La colaboración entre entidades financieras resulta fundamental. Compartir información sobre nuevas modalidades de fraude beneficia a todo el sector. También permite identificar patrones y redes de delincuentes. Sin embargo, esta colaboración debe respetar la privacidad de los usuarios.
Los consumidores deben desarrollar un escepticismo saludable. Ofertas demasiado atractivas generalmente esconden fraudes. Solicitudes urgentes de información personal deben generar sospecha. Verificar independientemente la autenticidad de comunicaciones resulta siempre recomendable.
Las contraseñas seguras siguen siendo la primera línea de defensa. Deben ser largas, complejas y únicas para cada servicio. Los gestores de contraseñas facilitan esta tarea. Además, cambiarlas periódicamente reduce el riesgo de compromiso.
La actualización constante de software y aplicaciones es crucial. Muchos fraudes explotan vulnerabilidades en versiones antiguas. Los desarrolladores lanzan actualizaciones precisamente para corregir estas fallas. Por lo tanto, posponer actualizaciones aumenta innecesariamente el riesgo.
El futuro de la seguridad digital depende de múltiples actores. Los usuarios deben educarse y adoptar prácticas seguras. Las empresas deben invertir en protección y transparencia. Las autoridades deben actualizar marcos legales y fortalecer capacidades investigativas.

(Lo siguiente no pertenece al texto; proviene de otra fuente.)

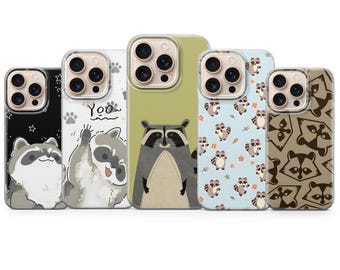 Funda de mapache para iPhone 17 Pro Max, 16e, 15, 14, 12 y Samsung S25 Ultra, S24 FE, A56, Pixel 10 XL, 9a, 8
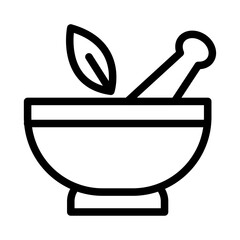 Mortar and Pestle Line Icon of Pharmacy and Medicine Icon Set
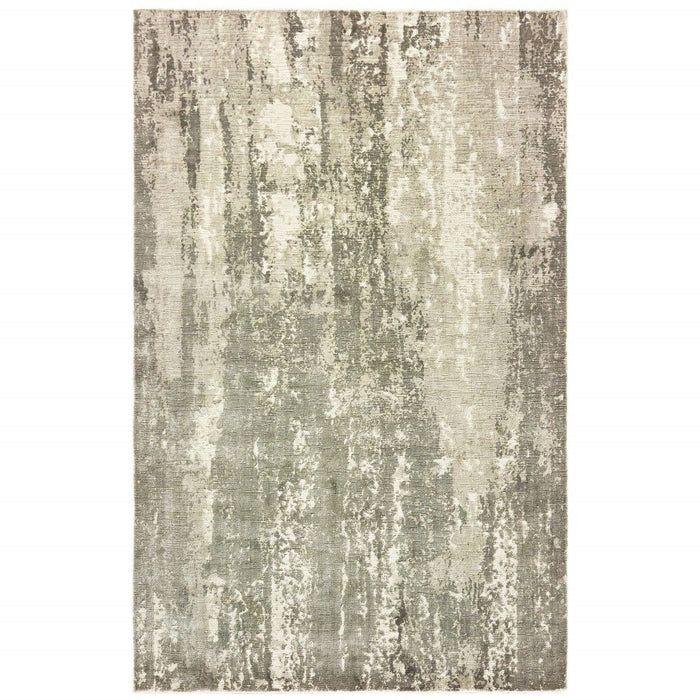 8' x 10' Abstract Splash Indoor Area Rug - Gray And Ivory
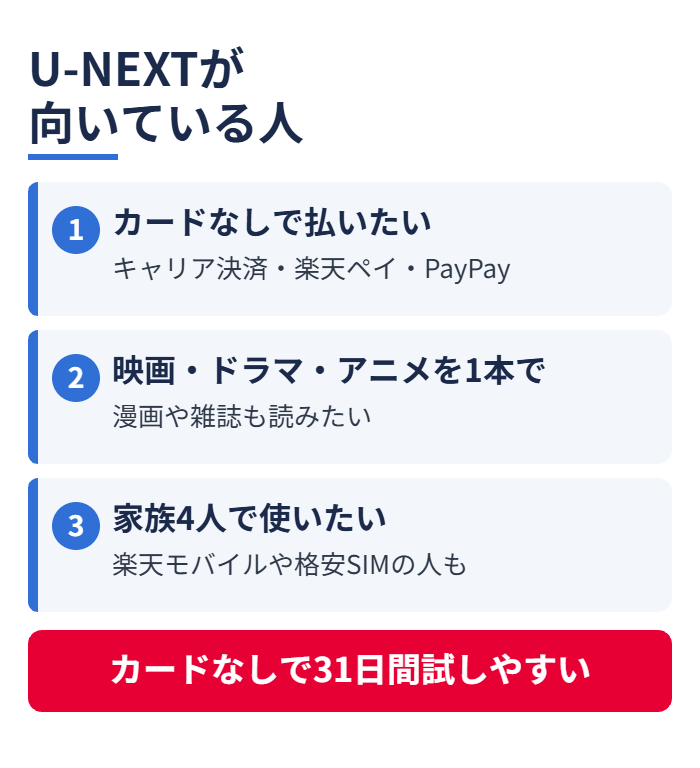 U-NEXTが向いている人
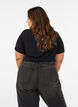Viscose T-shirt met strassteentjes, Zwart, Model image number 2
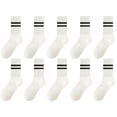 thumbnail image 1 of 10 pairs Retro Stripe Tube Socks Classic Athletic Sport Crew Socks For Women Casual Cotton Novelty Socks Unisex A White A White, 1 of 9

La tecnología continuará evolucionando rápidamente. Los delincuentes también perfeccionarán sus métodos. Por ello, la lucha contra el fraude digital requiere adaptación constante. No existe una solución definitiva, sino un proceso continuo de mejora.
La confianza digital se construye día a día. Cada interacción segura fortalece la percepción de confiabilidad. Por el contrario, cada fraude exitoso erosiona la confianza del ecosistema. Reconstruir esta confianza requiere esfuerzos sostenidos de todos los actores involucrados.